- Source: Topple rate
Topple rate is measure of how often the leading companies in a particular industry changes. It is defined as the probability that a firm in the industry, already in the top 20% in revenue, will drop out of this revenue leadership position within the next five years. The topple rate is one method of measuring overall competition in a particular industry; higher topple rates are often viewed as indicating a strong market with healthy economic activity. The term's invention is credited to McKinsey consultant Patrick Viguerie.

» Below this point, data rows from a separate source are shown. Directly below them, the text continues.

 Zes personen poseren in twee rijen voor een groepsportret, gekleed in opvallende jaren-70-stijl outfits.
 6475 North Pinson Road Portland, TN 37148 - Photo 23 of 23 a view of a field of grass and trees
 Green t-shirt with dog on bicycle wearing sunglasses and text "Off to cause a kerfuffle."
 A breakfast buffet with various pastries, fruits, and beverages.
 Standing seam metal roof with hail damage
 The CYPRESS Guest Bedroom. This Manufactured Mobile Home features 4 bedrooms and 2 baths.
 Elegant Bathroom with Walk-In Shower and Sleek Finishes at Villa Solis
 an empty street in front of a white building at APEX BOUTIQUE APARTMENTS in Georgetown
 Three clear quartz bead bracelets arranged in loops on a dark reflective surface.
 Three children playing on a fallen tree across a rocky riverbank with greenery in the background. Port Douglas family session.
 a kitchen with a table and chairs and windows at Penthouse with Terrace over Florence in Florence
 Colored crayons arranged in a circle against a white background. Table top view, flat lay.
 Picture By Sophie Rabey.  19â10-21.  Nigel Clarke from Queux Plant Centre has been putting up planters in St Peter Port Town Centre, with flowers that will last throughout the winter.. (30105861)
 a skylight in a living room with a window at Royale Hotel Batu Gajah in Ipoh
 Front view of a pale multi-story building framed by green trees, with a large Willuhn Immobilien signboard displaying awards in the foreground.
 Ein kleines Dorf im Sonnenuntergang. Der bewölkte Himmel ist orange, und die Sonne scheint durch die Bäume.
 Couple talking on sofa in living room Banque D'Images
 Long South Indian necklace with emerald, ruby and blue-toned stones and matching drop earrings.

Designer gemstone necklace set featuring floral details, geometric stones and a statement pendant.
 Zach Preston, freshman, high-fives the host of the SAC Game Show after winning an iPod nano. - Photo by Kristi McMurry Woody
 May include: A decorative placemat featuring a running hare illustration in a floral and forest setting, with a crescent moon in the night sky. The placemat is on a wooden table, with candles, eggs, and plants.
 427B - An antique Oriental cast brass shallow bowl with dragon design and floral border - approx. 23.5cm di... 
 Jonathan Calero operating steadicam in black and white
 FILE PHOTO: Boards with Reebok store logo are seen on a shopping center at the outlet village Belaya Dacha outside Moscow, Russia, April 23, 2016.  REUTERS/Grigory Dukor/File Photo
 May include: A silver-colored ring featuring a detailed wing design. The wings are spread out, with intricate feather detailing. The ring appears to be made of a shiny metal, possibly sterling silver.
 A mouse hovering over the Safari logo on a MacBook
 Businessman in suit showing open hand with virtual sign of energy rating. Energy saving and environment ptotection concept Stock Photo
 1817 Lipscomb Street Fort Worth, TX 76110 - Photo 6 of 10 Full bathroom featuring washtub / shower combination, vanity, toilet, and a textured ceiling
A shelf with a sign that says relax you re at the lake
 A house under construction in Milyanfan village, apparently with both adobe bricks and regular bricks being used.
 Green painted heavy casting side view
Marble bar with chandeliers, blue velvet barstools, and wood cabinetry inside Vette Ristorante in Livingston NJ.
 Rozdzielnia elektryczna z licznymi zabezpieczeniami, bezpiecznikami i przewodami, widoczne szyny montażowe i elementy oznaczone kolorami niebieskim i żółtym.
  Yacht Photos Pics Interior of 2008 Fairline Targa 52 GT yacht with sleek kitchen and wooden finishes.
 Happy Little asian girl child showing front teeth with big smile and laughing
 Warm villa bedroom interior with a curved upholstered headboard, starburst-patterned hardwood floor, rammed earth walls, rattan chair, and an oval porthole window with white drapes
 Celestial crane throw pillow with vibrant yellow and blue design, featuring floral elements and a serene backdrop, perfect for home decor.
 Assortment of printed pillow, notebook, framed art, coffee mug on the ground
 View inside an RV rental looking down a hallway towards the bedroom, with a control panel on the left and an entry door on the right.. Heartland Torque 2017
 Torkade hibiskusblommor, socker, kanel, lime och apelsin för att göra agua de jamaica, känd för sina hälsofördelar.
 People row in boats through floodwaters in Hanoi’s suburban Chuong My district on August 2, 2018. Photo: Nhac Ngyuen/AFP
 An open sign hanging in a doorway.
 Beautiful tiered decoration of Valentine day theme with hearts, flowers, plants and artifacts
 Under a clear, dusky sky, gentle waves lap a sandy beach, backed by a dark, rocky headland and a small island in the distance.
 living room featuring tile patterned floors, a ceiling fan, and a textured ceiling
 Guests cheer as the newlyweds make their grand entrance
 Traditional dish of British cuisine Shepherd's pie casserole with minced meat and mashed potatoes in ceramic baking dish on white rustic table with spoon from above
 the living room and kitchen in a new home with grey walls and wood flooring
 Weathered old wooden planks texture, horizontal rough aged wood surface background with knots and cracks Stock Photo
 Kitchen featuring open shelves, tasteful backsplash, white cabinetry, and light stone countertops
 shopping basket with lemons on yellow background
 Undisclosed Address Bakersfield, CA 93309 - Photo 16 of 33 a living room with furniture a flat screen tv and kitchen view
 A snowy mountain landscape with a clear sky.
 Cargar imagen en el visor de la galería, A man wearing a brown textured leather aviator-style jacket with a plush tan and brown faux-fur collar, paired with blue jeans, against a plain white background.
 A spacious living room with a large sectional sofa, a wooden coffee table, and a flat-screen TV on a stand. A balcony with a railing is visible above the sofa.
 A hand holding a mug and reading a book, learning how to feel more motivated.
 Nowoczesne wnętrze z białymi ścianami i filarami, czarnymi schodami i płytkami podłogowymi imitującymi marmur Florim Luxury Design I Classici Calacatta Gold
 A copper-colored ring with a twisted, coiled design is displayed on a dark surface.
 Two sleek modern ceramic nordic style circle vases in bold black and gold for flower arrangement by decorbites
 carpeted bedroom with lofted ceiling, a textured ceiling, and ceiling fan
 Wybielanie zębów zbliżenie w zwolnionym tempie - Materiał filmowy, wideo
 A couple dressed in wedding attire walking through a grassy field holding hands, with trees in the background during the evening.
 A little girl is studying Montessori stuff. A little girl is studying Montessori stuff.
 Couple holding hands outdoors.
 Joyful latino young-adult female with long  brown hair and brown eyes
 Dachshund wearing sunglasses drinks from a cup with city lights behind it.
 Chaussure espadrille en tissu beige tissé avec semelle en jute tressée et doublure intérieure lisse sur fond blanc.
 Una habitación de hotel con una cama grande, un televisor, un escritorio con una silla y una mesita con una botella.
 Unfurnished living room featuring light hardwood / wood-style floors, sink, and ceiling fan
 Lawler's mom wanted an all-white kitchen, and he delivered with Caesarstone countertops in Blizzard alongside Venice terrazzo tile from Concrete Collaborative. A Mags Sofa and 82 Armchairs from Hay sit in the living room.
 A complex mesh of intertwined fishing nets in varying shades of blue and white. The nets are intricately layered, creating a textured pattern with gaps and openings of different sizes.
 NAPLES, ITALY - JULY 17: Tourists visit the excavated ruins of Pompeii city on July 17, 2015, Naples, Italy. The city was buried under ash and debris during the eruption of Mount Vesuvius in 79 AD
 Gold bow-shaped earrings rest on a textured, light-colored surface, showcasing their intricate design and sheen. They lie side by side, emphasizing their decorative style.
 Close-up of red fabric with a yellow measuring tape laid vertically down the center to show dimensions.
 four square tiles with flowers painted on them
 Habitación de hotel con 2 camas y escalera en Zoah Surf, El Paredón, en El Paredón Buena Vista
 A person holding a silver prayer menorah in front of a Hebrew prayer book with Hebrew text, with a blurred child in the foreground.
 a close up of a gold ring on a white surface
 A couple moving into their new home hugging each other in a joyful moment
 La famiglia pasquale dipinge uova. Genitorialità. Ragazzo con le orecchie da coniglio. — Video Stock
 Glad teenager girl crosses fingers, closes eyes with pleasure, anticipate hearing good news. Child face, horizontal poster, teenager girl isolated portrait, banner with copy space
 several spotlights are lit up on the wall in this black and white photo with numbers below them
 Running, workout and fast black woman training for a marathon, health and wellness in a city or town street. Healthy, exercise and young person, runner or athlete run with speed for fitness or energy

Modern industries have increasingly taken advantage of advances in technology and globalization to drive significant increases in productivity, but these changes also more easily enable new competitors and new innovations. These competitors often have lower costs, lower return requirements, or cheaper or imitation products. Topple rates across all industries doubled between 1972 and 2002, even when controlling for acquisitions of previous industry leaders; including them in the data showed that the overall rate actually tripled. At the peak of the Great Depression in 1937, companies listed on the S&P 500 had an average lifespan of 75 years. By 2011, that figure had fallen to 18 years, a reduction in lifespan of 76%.
In 2011, a study by Deloitte of 20,000 firms from 1965 to 2010 showed an overall doubling of the topple rate, though the effect occurred at different speeds across various industries. Those least affected by the increase in topple rate tended to be those more heavily regulated, such as aerospace, health care, and defense. However, rapid change can occur even in these industries if there are fundamental shifts in regulations or other disruptive forces.